Todd, KA1KAQ ka1kaq at gmail.com
Fri May 5 22:10:01 EDT 2017


Not long ago we had a chat on here about surplus property disposal
post-WWII and I mentioned a friend telling me about new, never uncrated
P-39s still sitting. Someone had asked where and said that it was a myth
that had circulated for years and likely not true. I said I'd check into it
when time allowed.

Well, I just got off the phone with oz ex-pat and friend Gary and got more
details. The call was about old cars but eventually drifted to warbirds,
radio gear, and so on. I asked him again about the P-39s and he quickly
replied "Oh - those are on Goodenough Island, Papua New Guinea. Just north
of Ferguson Island. Still there. That whole area is stinking with stuff,
still"

He then told me some stories about a friend of his named Charles Darby who,
along with another fellow, organized the retrieval of a large number of
airframes from the area for a fellow named David Tallichet in the 1971-72
time frame. Charles wrote the book 'Pacific Aircraft Wrecks and Where to
Find Them'.

Now, it seems Charles likes WWII aircraft and their associated gear and
ended up with some 70-90 tons of it from gov't auction which Gary helped
him sort and store. Some interesting pieces he mentioned from IFF gear to
the radar equipment used in the B-24M, of which apparently only a couple
dozen were made. A special model used for Radar bombing, he said. Was news
to me. I'd only ever heard of the small number of ferret aircraft B-24s.

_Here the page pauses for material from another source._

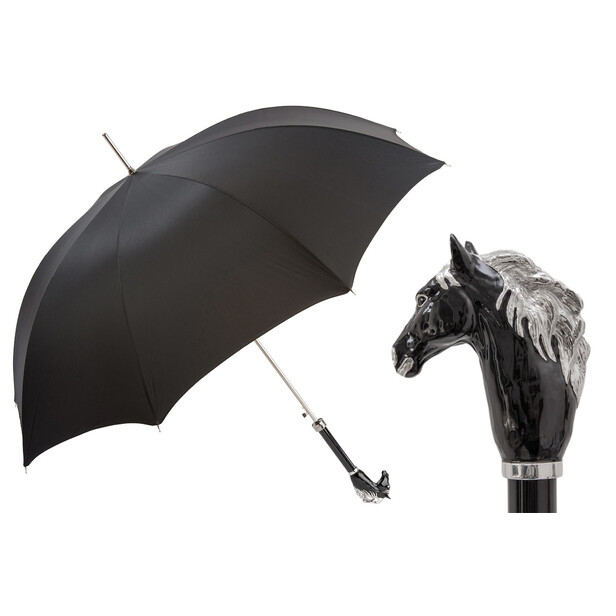 BLACK HORSE – Umbrelă bărbați neagră cu mâner decor Cal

Gary ended up with about a ton of the equipment too, including some IFF and
radar gear. He also mentioned having owned and seen numerous....TR5034(?)
radio sets from WWII with service tags from the 70s & 80s on them, the
latest being 1984 and apparently fitted to F-111s flown by the RAAF. Sounds
crazy, I know. And I probably messed up the set number, too.

He told me about working at a restoration center on an airbase in or just
outside Brisbane where they brought in a A-20 Boston (Havoc) bomber
retrieved from a swamp in New Guinea still in good shape. And about a place
off Sydney where the military dumped some 3000 aircraft after the war in
very deep water. He said an expedition to the site in the early 2000s with
an unmanned submersible yielded video inside cockpits in which he said the
gauges were still easily readable.

Then he mentioned another dumping site off Brisbane with about 700
aircraft, mostly Hellcats and Corsairs. He said occasionally some vessel in
the local fish fleet will snag one and rather than cut their expensive
nets, they drag it back and leave it on the shore. Water is warmer and not
as deep, so corrosion is bad - except for steel parts, which he said often
look like they could be plucked off and used on another plane.

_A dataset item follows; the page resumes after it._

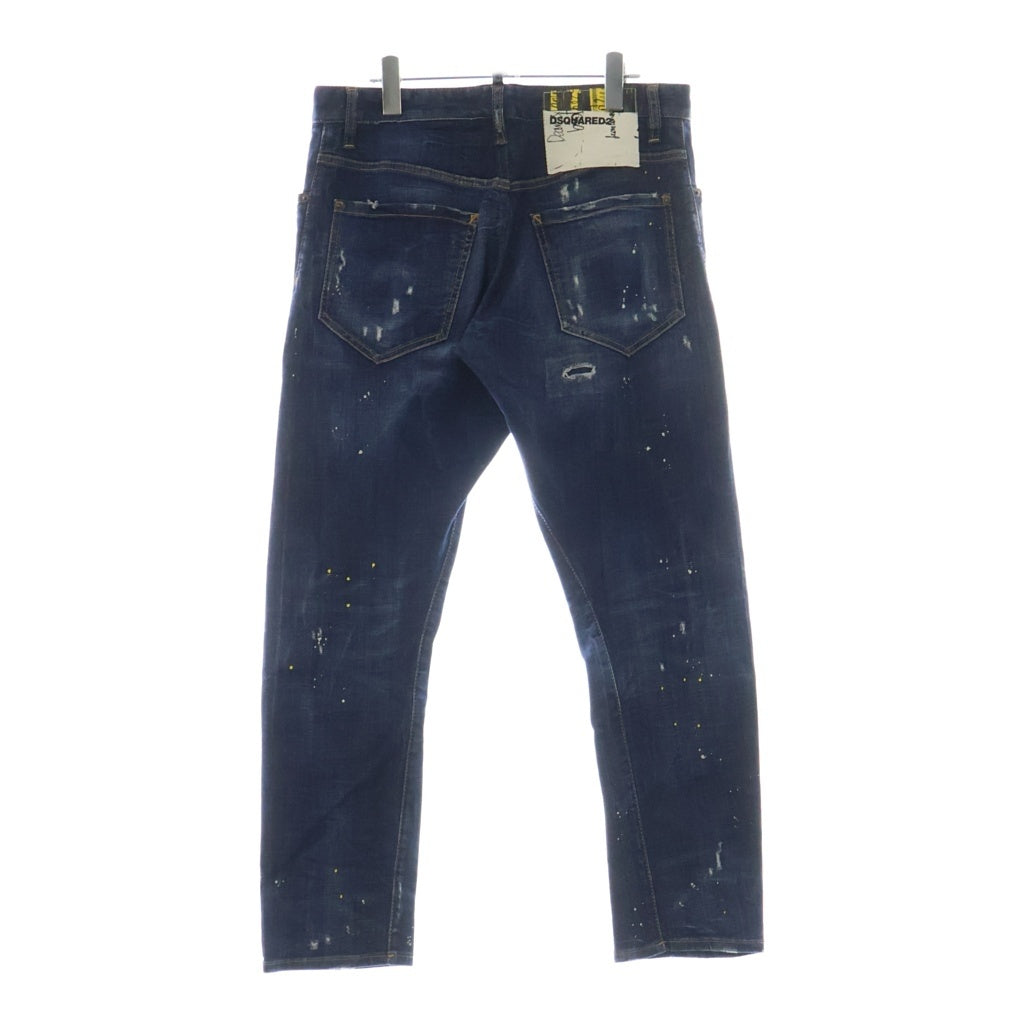 DSQUARED2(ディースクエアード) スキニー ダメージ加工 ペイントスプラッシュ ボタンフライ デニム ジーンズ パンツ インディゴ レディース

We discussed exploding sodium-filled exhaust valves from Roll Royce Merlin
engines (the Packard variant didn't use them) and other fun stuff like the
Sperry automatic sighting system for the Martin upper turret. Our 15 minute
phone call that started around 7:30 ended just after 9PM. The wife and
daughter are in Florida visiting family, so I'm off the leash for a few
days. It was a fun call.

Figured I should share as much as I could before I sleep and forget 90%.